§ **Material provided**
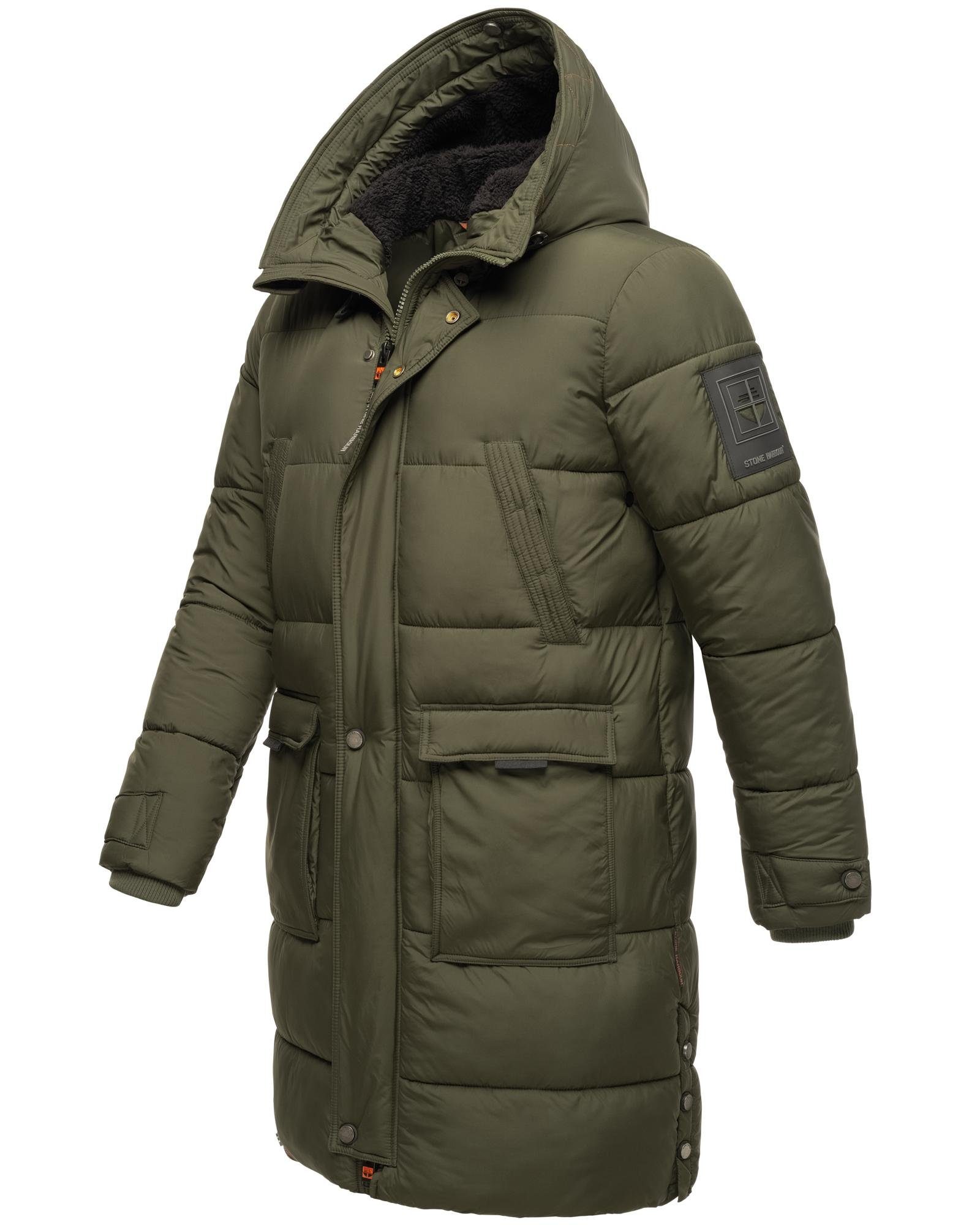 Stone Harbour Wintermantel Beviis Warmer Winter Steppmantel mit coolen Details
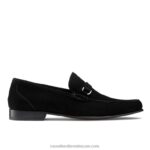 حذاء بدون رباط من النخبة 8840R490 أسود رجال Russell And Bromley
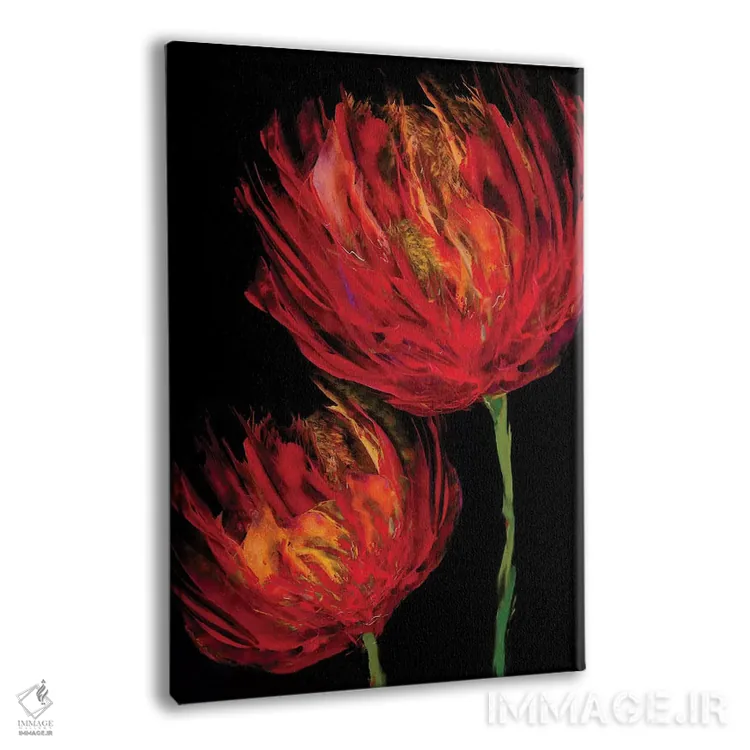 تابلو لالههای قرمز II اثر ونسا آستین - نمای پرسپکتیو محصول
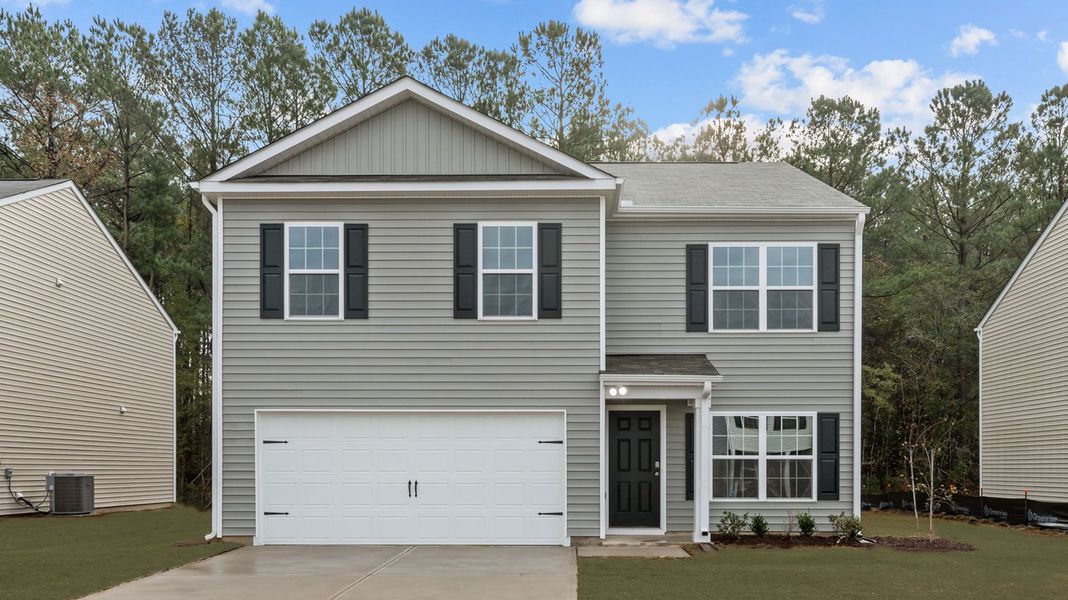 Front exterior of a home in the Madeline Farm community, located in New Bern, NC (Image 10).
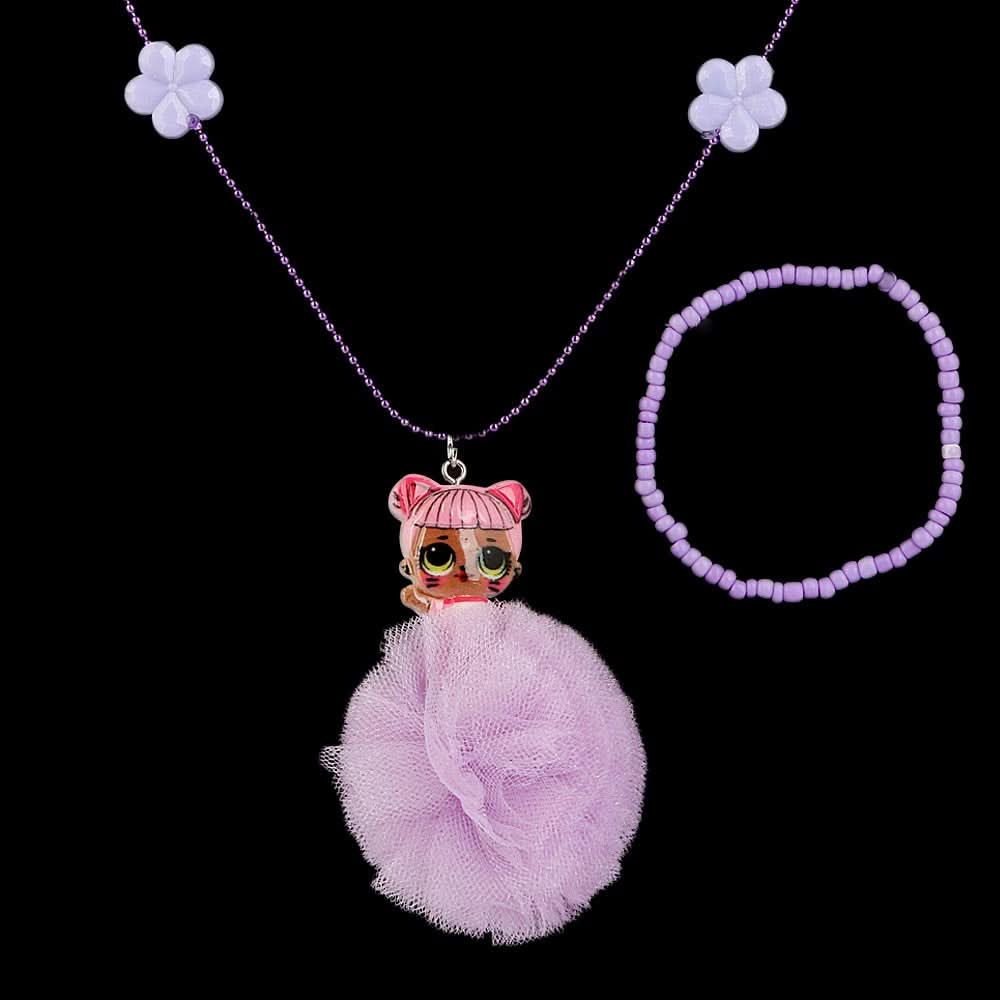 Girls Locket & Bracelet Set - Purple, Kids, Jewellery Sets, Chase Value, Chase Value
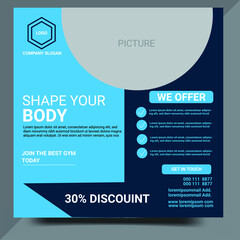 Corporate Business Social Media Post Template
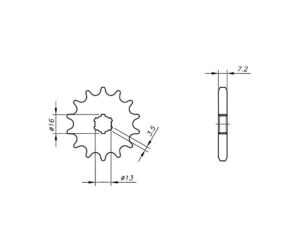 Γρανάζι Κίνησης /428 VAZ SB01.313-T13 RM80N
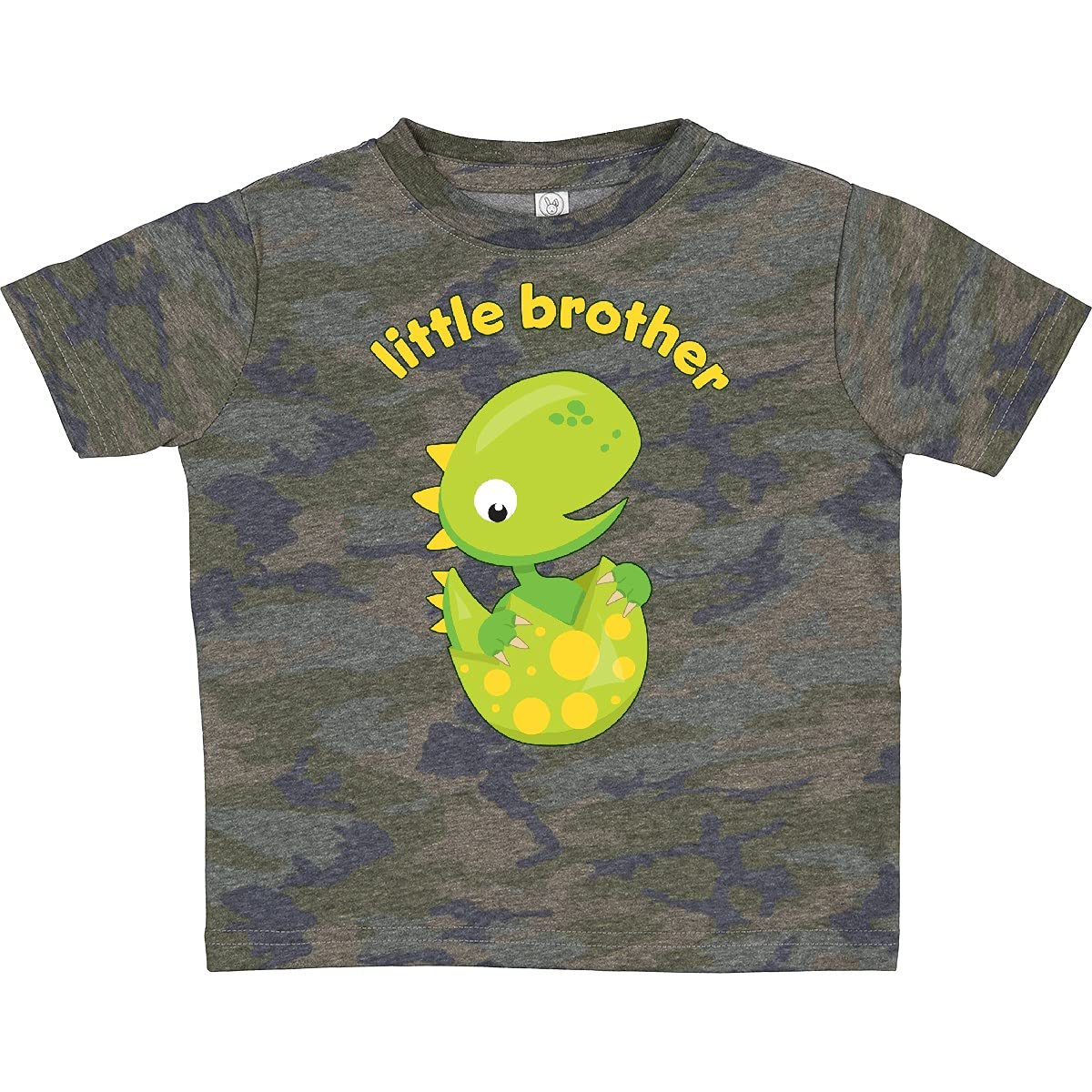 Inktastic Little Brother Dinosaur Toddler T-Shirt - Cute Dino Graphic Tee for Toddler Boys - Soft Cotton Short Sleeve Shirt - Perfect for Playdates, Daycare & Family Photos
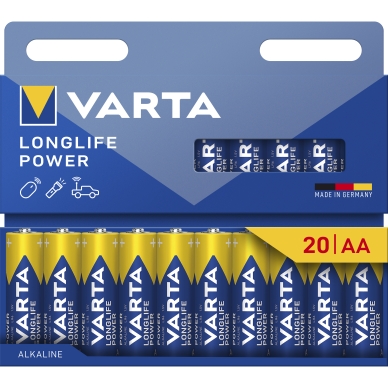 Varta Varta Longlife Power batteri - AA 20 pk. 4906121720 Modsvarer: N/A billede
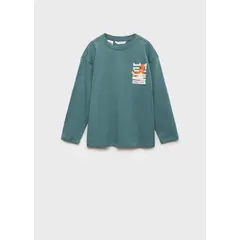 MANGO KIDS - Polo Niño Manga Larga Algodón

§ **Your task**
Please give again only the lines from the one containing "Front exterior of" through the last line of the entries above, exactly as they stand and without pictures.

§ **Task solution**
 Front exterior of a home in the Madeline Farm community, located in New Bern, NC (Image 10).
 Girls Locket & Bracelet Set - Purple, Kids, Jewellery Sets, Chase Value, Chase Value
 Corporate Business Social Media Post Template
 Γρανάζι Κίνησης /428 VAZ SB01.313-T13 RM80N
 Inktastic Little Brother Dinosaur Toddler T-Shirt - Cute Dino Graphic Tee for Toddler Boys - Soft Cotton Short Sleeve Shirt - Perfect for Playdates, Daycare & Family Photos
 Varta Varta Longlife Power batteri - AA 20 pk. 4906121720 Modsvarer: N/A billede
 MANGO KIDS - Polo Niño Manga Larga Algodón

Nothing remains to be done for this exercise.